“Le temps est la seule prison de laquelle on ne peut s’échapper.”
Partout dans le monde, les prisons dépensent beaucoup de temps, d’argent et d’énergie à éviter que les détenus ne s’échappent. Au Japon, c’est le contraire : on essaie de les persuader de partir… Le nombre de personnes âgées derrière les barreaux explosent et la raison est claire : les seniors se font volontairement prendre en flagrant délit de vol dans les magasins pour aller en prison. Pourtant, les prisons japonaises n’ont rien de la vie de château mais les seniors espèrent trouver là-bas de meilleures conditions de vie : en prison, ils seront nourris, logés et soignés ! Bon nombre de japonais sacrifient donc leur liberté pour une survie décente. Le phénomène est tel que le gouvernement japonais a décidé d’équiper toutes ses prisons d’un service de gérontologie pour accompagner les seniors.

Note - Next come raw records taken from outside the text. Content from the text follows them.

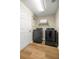 Well-lit laundry room featuring new washer and dryer units at 144 Malauka Pass, Ocklawaha, FL 32179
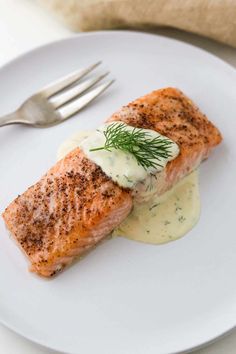 a piece of salmon on a plate with cream sauce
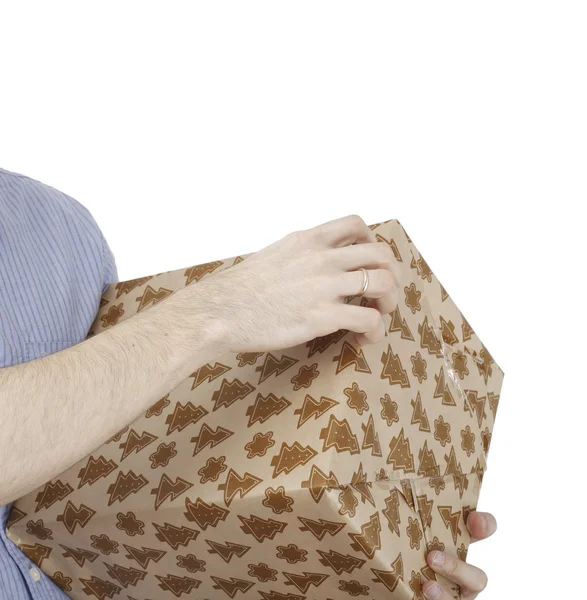 Young man holding a present — Stock Photo, Image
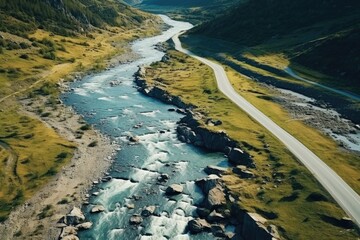 Poster - Scenic view of a river flowing through a beautiful green valley. Ideal for nature and landscape concepts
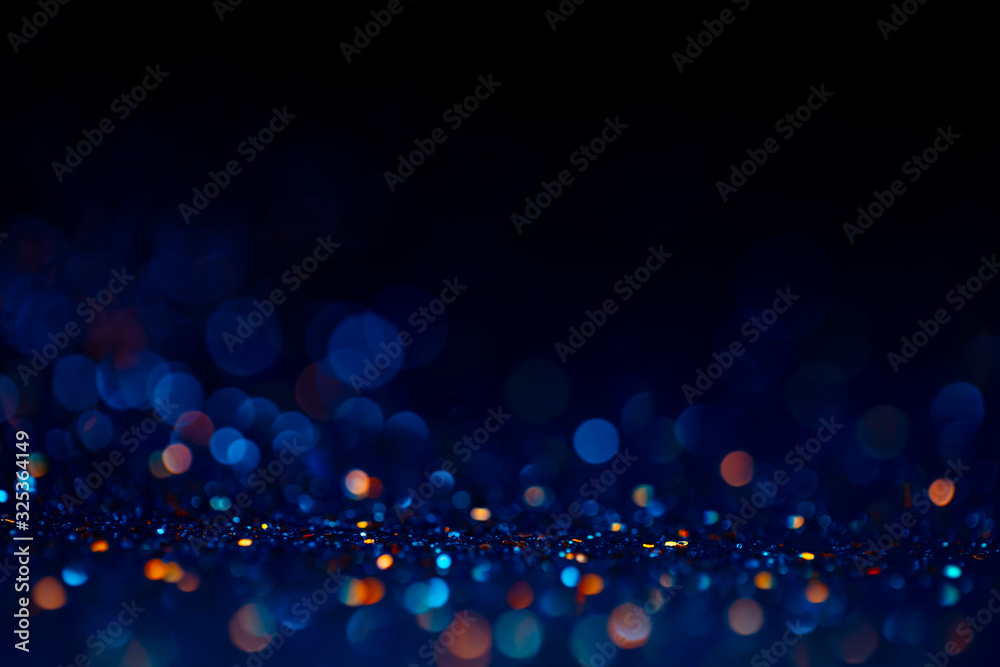Decoration twinkle lights background, abstract glowing backdrop with circles,modern design wallpaper with sparkling glimmers. Black, blue and golden backdrop glittering sparks with blur effect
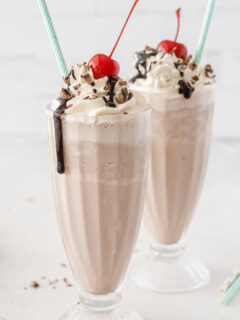 two chocolate milkshakes with straws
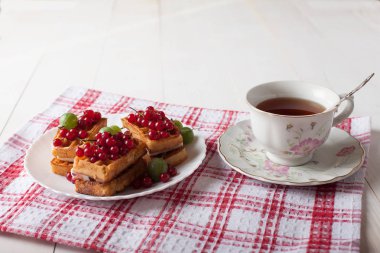 Kuş üzümü ve bir fincan çay ile Viyana waffle masada damalı bir masa örtüsü üzerinde durmak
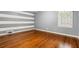 Empty bedroom with wood floors, striped wall, and window providing natural light at 5114 N Ivy Ne Rd, Atlanta, GA 30342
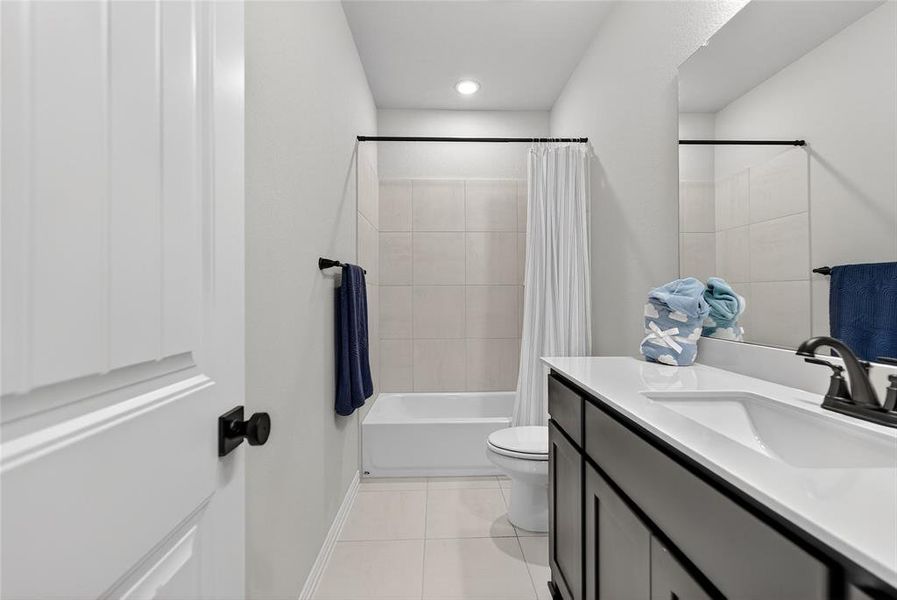 Full bathroom featuring vanity, shower / bathtub combination with curtain, and light tile patterned floors Full bathroom featuring vanity, shower / bathtub combination with curtain, and light tile patterned floors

Cette recrudescence des seniors en prison n’est pas cantonnée au seul pays du soleil levant. Bien que les raisons soient différentes, cette augmentation se remarque sur tous les continents et l’Europe n’est pas en reste : France, Suisse, Allemagne, Italie, Belgique… tous ont le même constat : le nombre de seniors en prison a augmenté de manière significative ces dernières années.
Comment expliquer cette augmentation ? Quel est le nombre de détenus âgés en Belgique ? Quelles sont leurs conditions de détention ? Quels problèmes le vieillissement de la population carcérale engendre-t-il ? La prison a-t-elle encore une utilité pour ce type de détenus ? Ne devrait-on pas envisager autre chose pour eux ? Bref, les vieux ont-ils leur place en prison ?
La situation en Belgique
Notre pays compte 34 prisons divisées en 2 catégories : d’une part, les maisons d’arrêt, où sont enfermées les personnes qui n’ont pas encore été condamnées et qui sont détenues de manière préventive ; d’autre part, les maisons de peine où séjournent les détenus condamnés à une peine privative de liberté. Cette distinction est plus théorique que pratique car en raison de la surpopulation carcérale, de plus en plus d’établissements font office à la fois de maison d’arrêt et de maison de peine.

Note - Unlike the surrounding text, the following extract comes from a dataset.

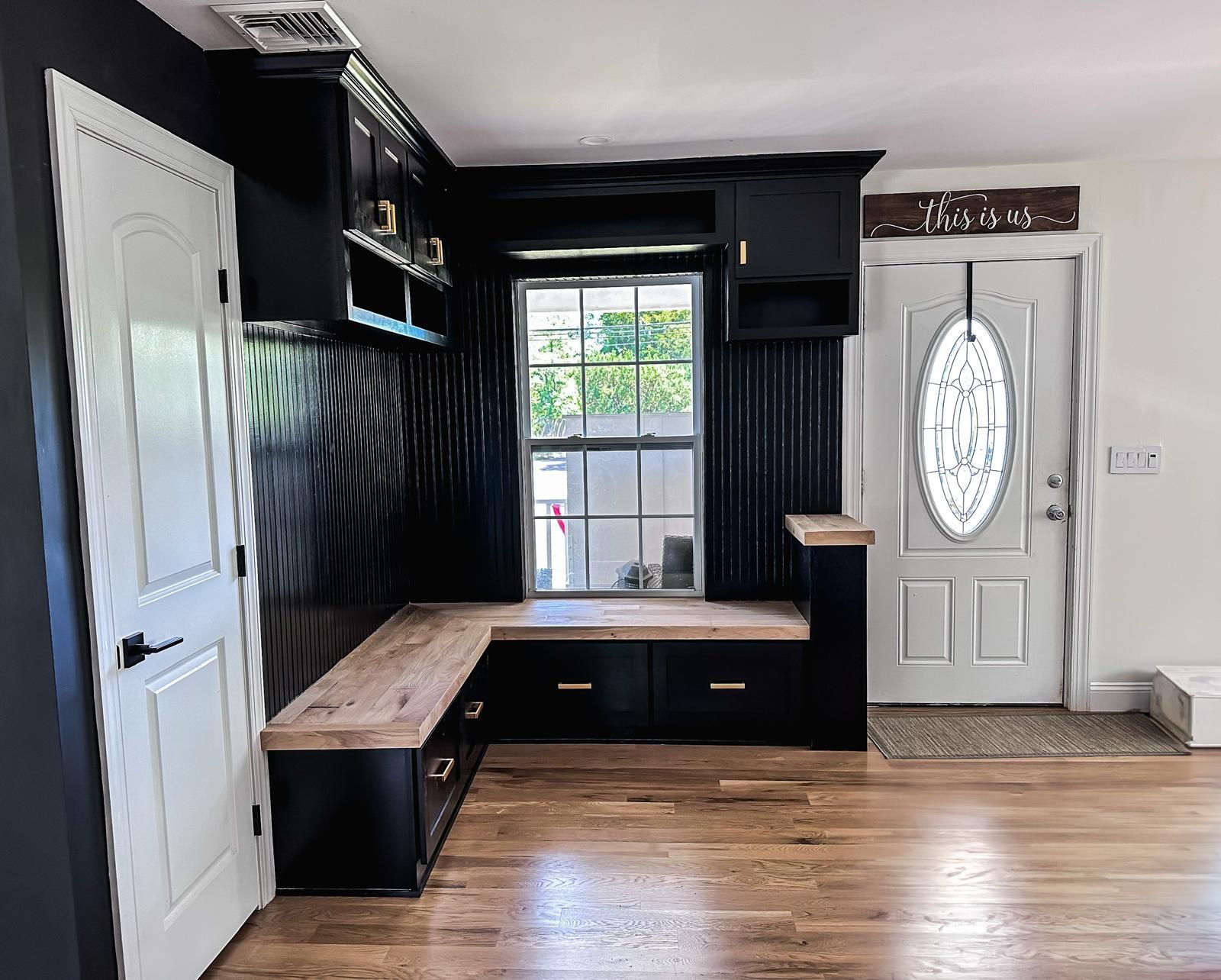 Interior view of a black built-in bench with storage, window, and white door with an oval glass panel.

En Belgique, entre 2009 et 2013, le nombre de détenus de 60 ans et plus est passé de 308 à 486 avec une progression plus marquée (72%) pour les détenus entre 60 et 70 ans. En 2002, ils n’étaient « que » 203. Pourquoi y’a-t-il autant de seniors en prison ?
Une première explication tient au vieillissement de la population : dans un monde qui vieillit, les prisonniers vieillissent également. Alain Bauer, criminologue, explique que « les conditions physiques du vieillissement, le fait que les gens vivent plus longtemps en meilleure santé influe inévitablement sur les comportements. Ainsi, le délinquant d’habitude pourra prolonger son activité, l’impulsif conserver son punch bien après l’âge de la retraite, avec les conséquences que cela implique ».
Bien que l’on vive de plus en plus vieux en meilleure santé, le quotidien n’est pas toujours facile. Comme c’est le cas au Japon, de nombreux seniors aux prises avec des difficultés économiques, ont de plus en plus tendance à commettre des délits. En outre, les liens avec la famille et la communauté locale se distendant de plus en plus, certains envisagent l’avenir avec pessimisme et finissent par commettre des crimes graves. La pauvreté, la précarité, l’isolement des seniors sont autant d’éléments à prendre en compte dans l’explication de l’augmentation de ce public dans les prisons.
Le système pénal belge avec sa quête de sécurité à tout prix est également une explication. En effet, auparavant, certaines peines relativement courtes n’étaient pas effectuées et les peines étaient généralement moins longues. Aujourd’hui, il existe un véritable allongement des peines avec en parallèle, une diminution des libérations conditionnelles. De plus, les conditions souvent rigoureuses d’accès à celle-ci font que certains détenus choisissent délibérément d’ « aller à fond de peine ».
Il faut également remarquer que les détenus les plus âgés le sont souvent pour des infractions à caractère sexuel punies bien après les faits, et pour meurtres ou assassinats, eux aussi lourdement punis.